Posted in Articles, Caribbean/Latin America, Europe, History on 2016-12-12 22:18Z by Steven

Guest Post: A View from the Past: The Contingencies of Racialization in 15th- and 16th-Century Iberia

The Junto: A Group Blog on Early American History
2016-12-12

Marley-Vincent Lindsey
Brown University, Providence, Rhode Island

When Paul Gilroy wrote his now-classic critique of cultural nationalism in 1995, he conceived a Black Atlantic that was a geo-political amalgamation of Africa, America, the Caribbean, and Europe. Gilroy was particularly interested in the construction of a modern, post-colonial cultural space in which slavery remained a part of modern black consciousness. His book is particularly noted for the introduction of race as a critical consideration in exploring the Black Atlantic.

It is fitting then, that we kick off our week-long discussion of the Black Atlantic with a post by Marley-Vincent Lindsey, which explores considerations of race in the Iberian Atlantic.

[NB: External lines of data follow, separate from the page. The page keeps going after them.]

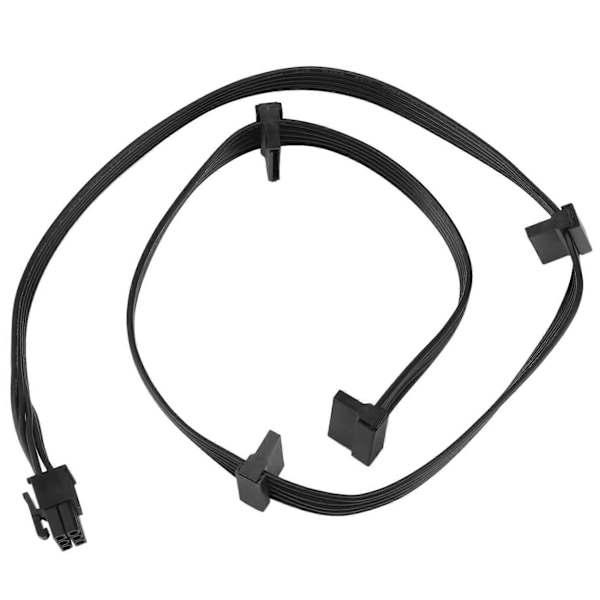 PCIe 6Pin Uros - 4 SATA Virtalähdekaapeli Focus+/ MK3/ FX/ P Sarja 850PX 750PX 650PX 550PX P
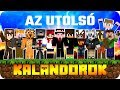 【KALANDOROK 3.】52. VOLT EGYSZER EGY KALANDOROK... (S03E52) 【KALANDOROK 3.】52. VOLT EGYSZER EGY KALANDOROK... (S03E52)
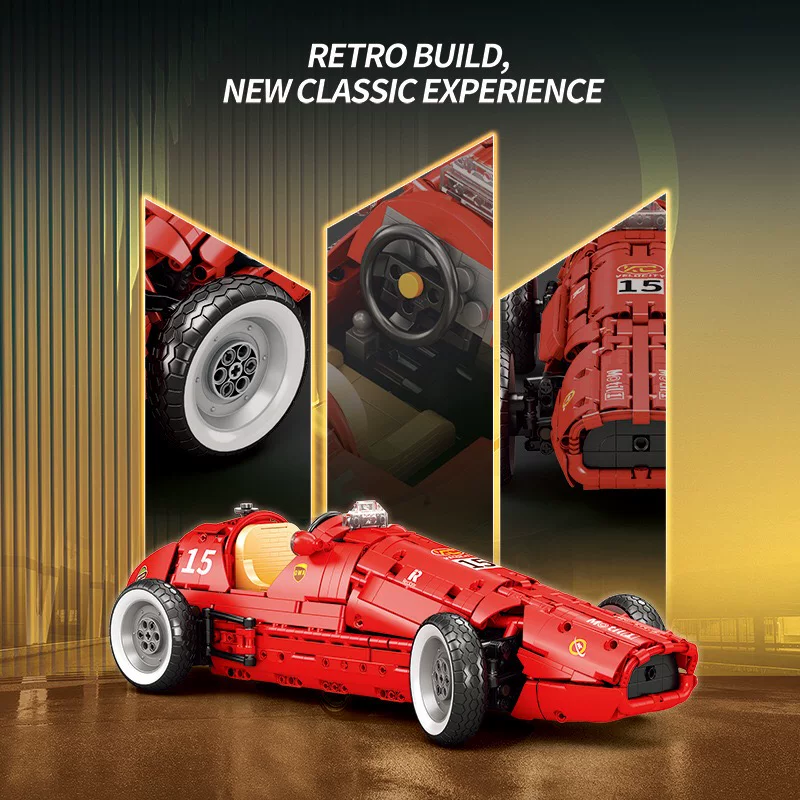 Reobrix 11038 - Ferrari 500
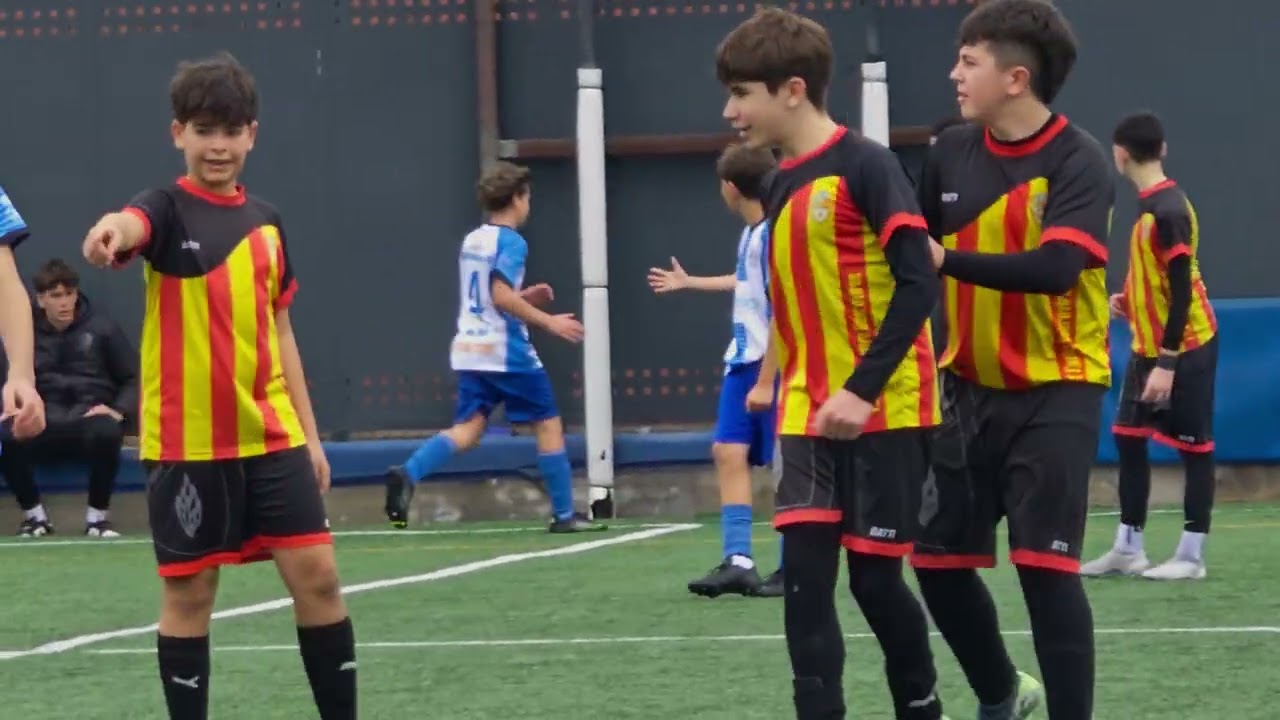 SANT ESTEVE 6 - 1 SANTFELIUENC PARTE 2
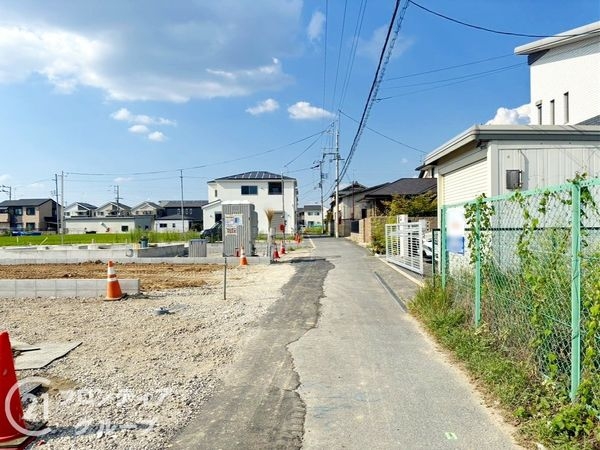 奈良市東九条町　新築一戸建て　第２０　１号棟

Subsequent posts will consider Black responses to freedom (and unfreedom), historical narrative, race, and of course, power.

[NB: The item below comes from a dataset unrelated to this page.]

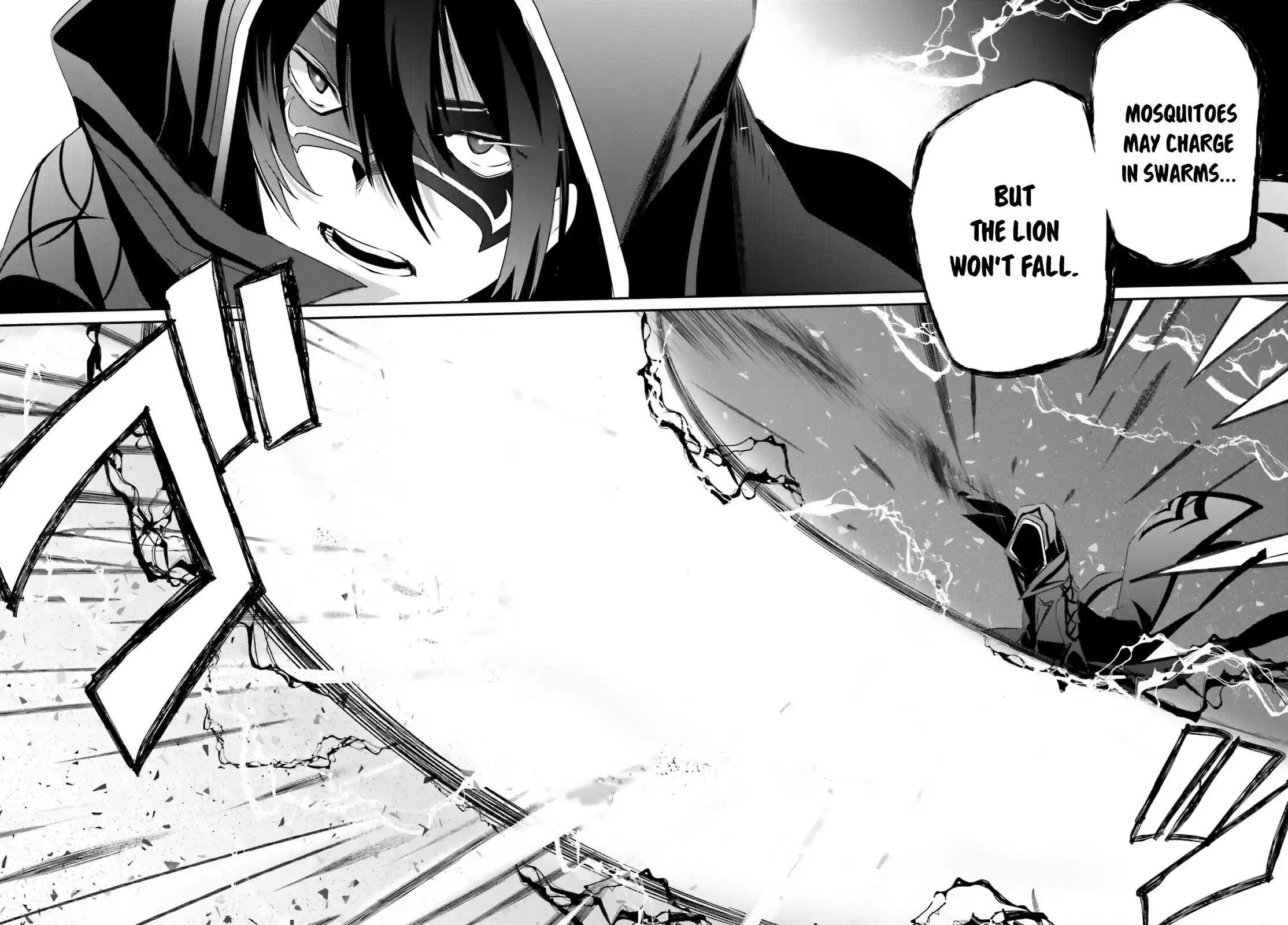 Kage no Jitsuryokusha ni Naritakute ch.16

Juan Garrido was a typical conquistador: arriving in Hispaniola by 1508, Garrido accompanied Juan Ponce de León in his invasion of Puerto Rico, and was later found with Hernan Cortés in Mexico City. Yet his proofs of service, a portion of which was printed by Francisco Icaza in a collection of autobiographies by the conquistadors and settlers of New Spain, made a unique note: de color negro, or “of Black color.”1

What significance was the color of his skin? From our crystal ball of future development, the answer is obvious: Spain had developed a particularly unique concern for racializing individuals, and the Iberian excursions throughout the western and southern coasts of Africa added fuel for “hardening identities” of what was significant about being Black or White. This unique historical contingency, argued James Sweet, was the genesis for American conceptions of race.2

Supporting this construction is the intuitive power of 1492, when Columbus invaded the ocean blue. Iberia’s box score for the year also included the seizure of Granada and the expulsion of Jews who refused conversion. For the century prior, there existed a rich vocabulary through which differences of religion were literally racialized: by 1611, Corrubias’ Spanish dictionary defined raza in reference to humans as being bad lineage, like Jewish or Muslim ancestry. Medievalists like David Nirenberg have traced these discourses through which raza gained biological potency through Castilian and Aragonese experiences with Jews and Moors.3

Read the entire article here.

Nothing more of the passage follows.